-------- WORKING DATA
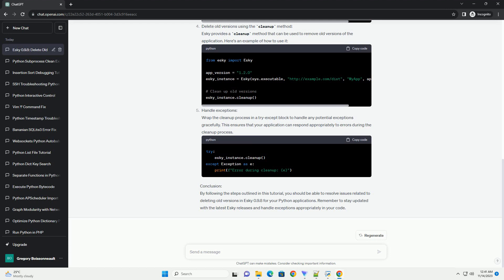Handle exceptions. Wrap the cleanup process in a try-except block to handle any potential exceptions gracefully. This ensures that your application can respond appropriately to errors during the cleanup process.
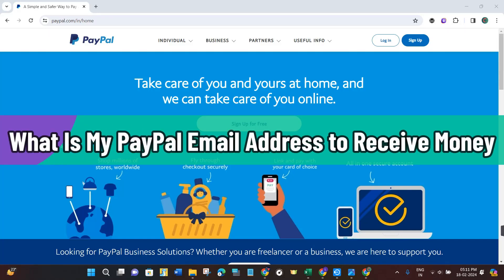Hi guys, in this video I will show you what is your PayPal email address to receive money.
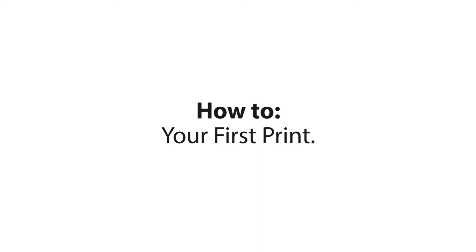Hi from 3D Systems. Today we'll take a look at how to get started with CUBE 3 and how to get started printing.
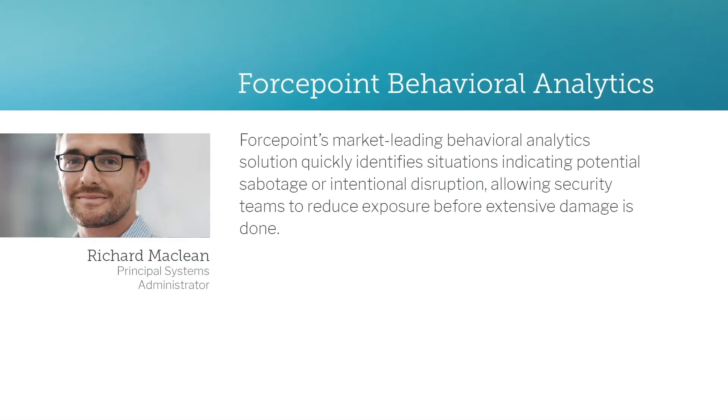Forcepoint's market-leading behavioral analytics solution quickly identifies situations indicating potential sabotage or intentional disruption, allowing security teams to reduce exposure before extensive damage is done.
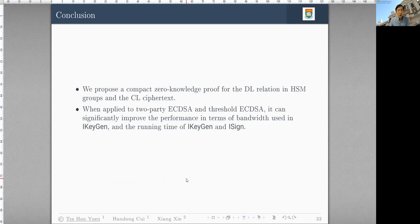To conclude, we propose a compact succinct knowledge proof for the DL relation in the HSM group and for the CL ciphertext. When applied to two-party and Threshold ECDSA, it significantly improves performance in terms of bandwidth and running time. That's all for my paper. Thank you.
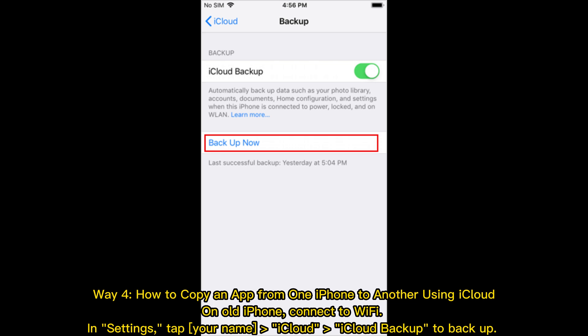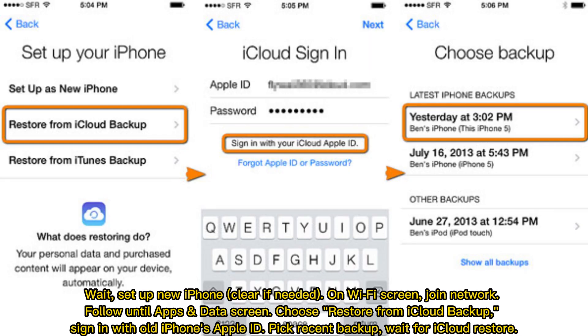Way 4: How to copy an app from one iPhone to another using iCloud. On the old iPhone, connect to Wi-Fi. In Settings, tap your name, then iCloud, then iCloud Backup to back up. Wait for it to complete. Set up the new iPhone, and on the Wi-Fi screen join the network. Follow the prompts until the Apps and Data screen, then choose Restore from iCloud Backup. Sign in with the old iPhone's Apple ID, pick the most recent backup, and wait for the iCloud restore to finish.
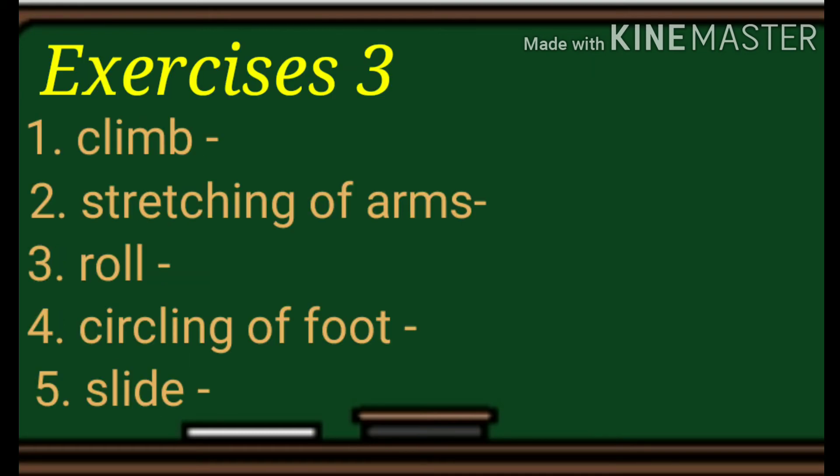Let us now move to exercises number three. You are going to tell me if it is a locomotor movement or non-locomotor movement. Are you ready? Let us begin. Number one: climb. Number two: stretching of arms. Number three: roll. Number four: circling of foot. Number five: slide.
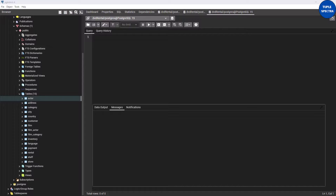Hi everyone, today we are going to be looking at the ORDER BY clause in Postgres, as part of the series that we have been working on. ORDER BY helps you to sort your query results.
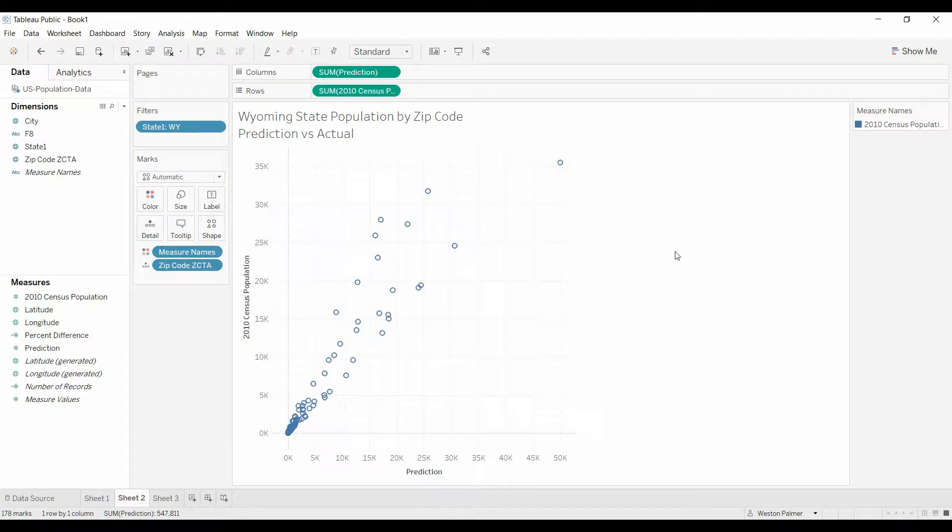Welcome to another Tableau tutorial video. Today I wanted to show you something that I've been working with, dealing with forecasted, or predicted, or target values, and comparing actual performance to those values.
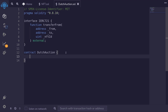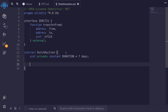We'll say that the duration of this auction is 7 days: `uint private constant DURATION = 7 days`. Next we'll store some state variables. We'll need to store the address of the NFT and the NFT ID that we're selling. The NFT contract will be `IERC721`. We'll make this variable public and immutable, meaning that after we deploy the contract this variable cannot be changed, and it also saves gas.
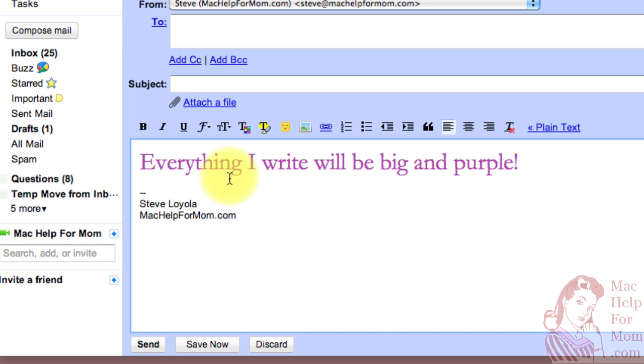So there you go. Finally, there's a way in Gmail for it to always remember the font size and color and style that you want every time.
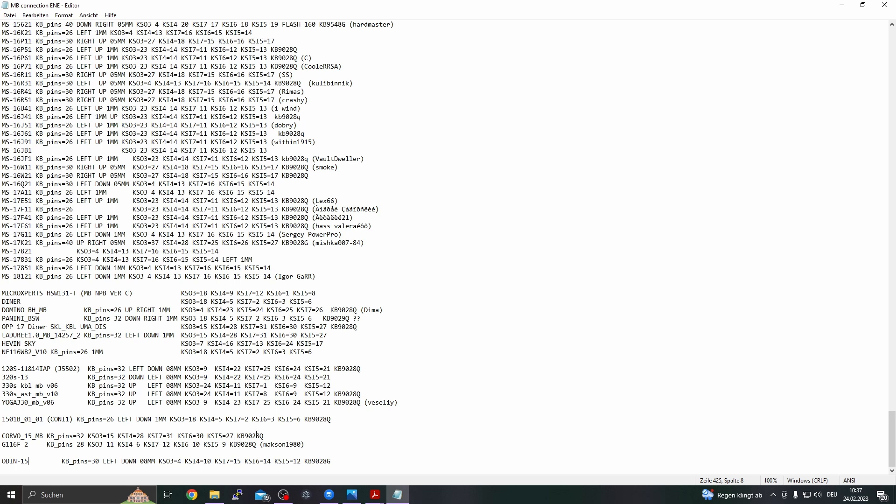And that's it. So now we have everything to program the EC, or to at least read out the EC. For programming we of course need a valid firmware file which has to be sourced from somewhere. I've just sourced it from a second Odin 15 motherboard to be sure it is working.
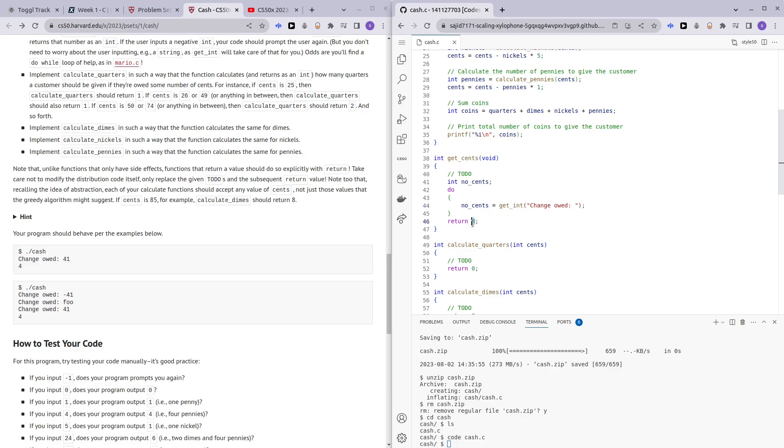And this is where the user enters their change. And here we want to reprompt the user as long as the number of cents is negative number, so number of cents is less than zero. So we are done with get_cents.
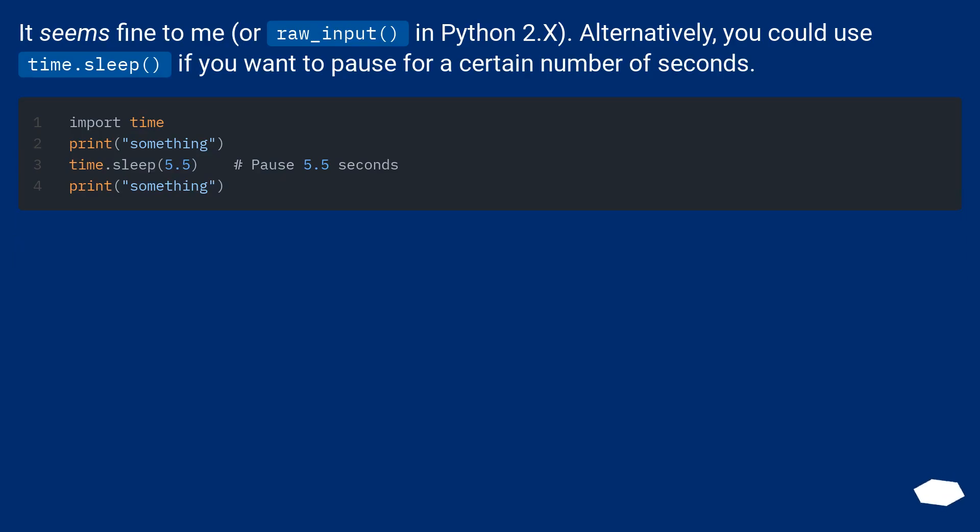It seems fine to me, or raw_input in Python 2.x. Alternatively, you could use time.sleep if you want to pause for a certain number of seconds.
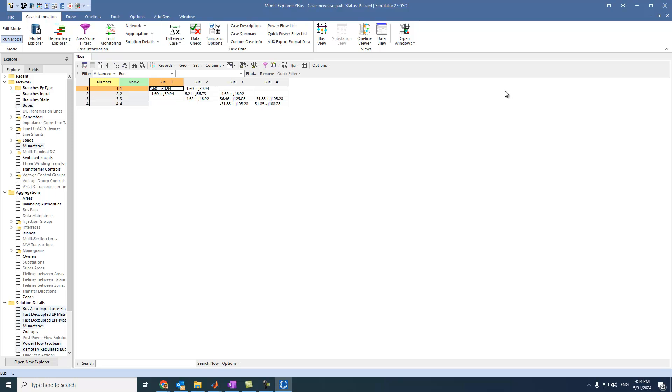So, that is for this video. In the next video, we will see, inshallah, how to use Power World Simulator to solve economic load dispatch problems. With considering losses or there is no losses, doesn't matter. Power World Simulator will solve it by just a few clicks. That is, so, see you inshallah. Ma'a salama.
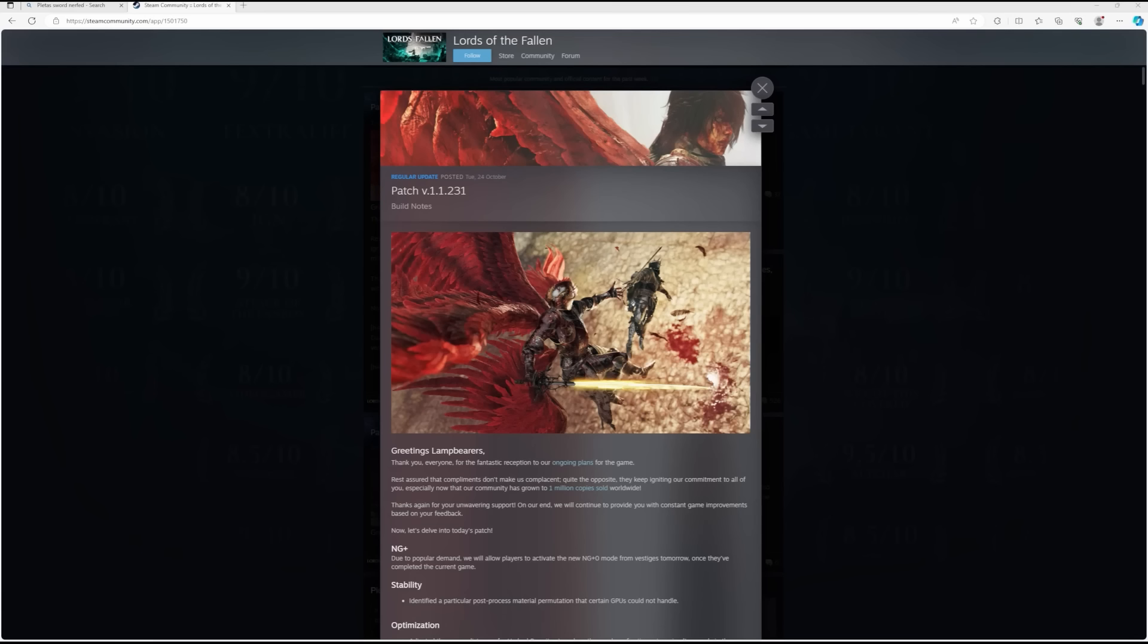Yo guys, Phase Shifter here, and welcome to another video. Yet another patch has landed on Steam for Lords of the Fallen, patch 1.1.231. The third patch we've had in 48 hours, which is absolutely fantastic. It shows the devs are really actively tweaking and acting upon the feedback that we as a community are giving them, which is fantastic.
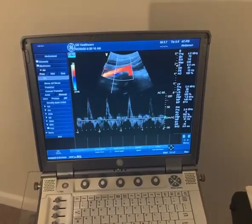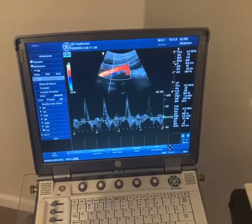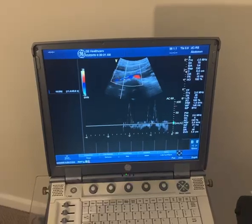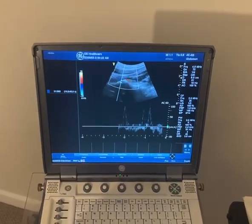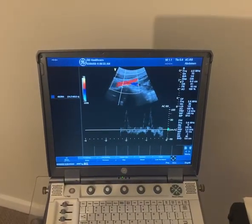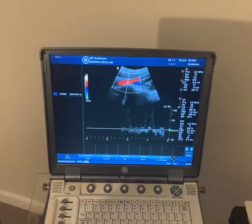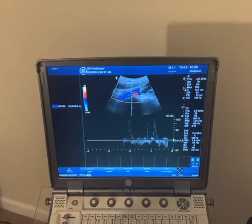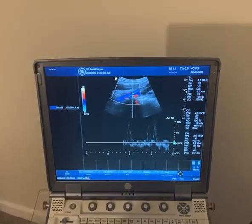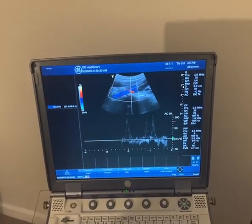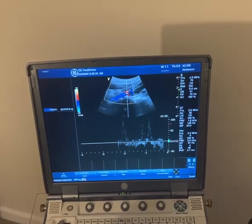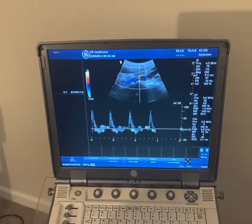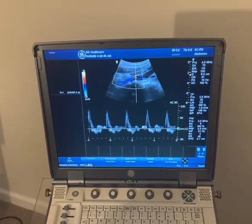I'm going to freeze that and then unfreeze again and update my image, slowly moving into the distal segment. I'm rocking my probe to try to keep it as parallel as possible as I image this vessel. That's the distal segment of my common iliac artery.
----------------
» **ASSIGNMENT**: What is needed is a word-for-word copy of the lines from the start of the data to the line with "Way 4: How to", inclusive, with no pictures in it.

» **SOLUTION TO THE EXERCISE**:
Handle exceptions. Wrap the cleanup process in a try-except block to handle any potential exceptions gracefully. This ensures that your application can respond appropriately to errors during the cleanup process.
Hi guys, in this video I will show you what is your PayPal email address to receive money.
Hi from 3D Systems. Today we'll take a look at how to get started with CUBE 3 and how to get started printing.
Forcepoint's market-leading behavioral analytics solution quickly identifies situations indicating potential sabotage or intentional disruption, allowing security teams to reduce exposure before extensive damage is done.
To conclude, we propose a compact succinct knowledge proof for the DL relation in the HSM group and for the CL ciphertext. When applied to two-party and Threshold ECDSA, it significantly improves performance in terms of bandwidth and running time. That's all for my paper. Thank you.
Way 4: How to copy an app from one iPhone to another using iCloud. On the old iPhone, connect to Wi-Fi. In Settings, tap your name, then iCloud, then iCloud Backup to back up. Wait for it to complete. Set up the new iPhone, and on the Wi-Fi screen join the network. Follow the prompts until the Apps and Data screen, then choose Restore from iCloud Backup. Sign in with the old iPhone's Apple ID, pick the most recent backup, and wait for the iCloud restore to finish.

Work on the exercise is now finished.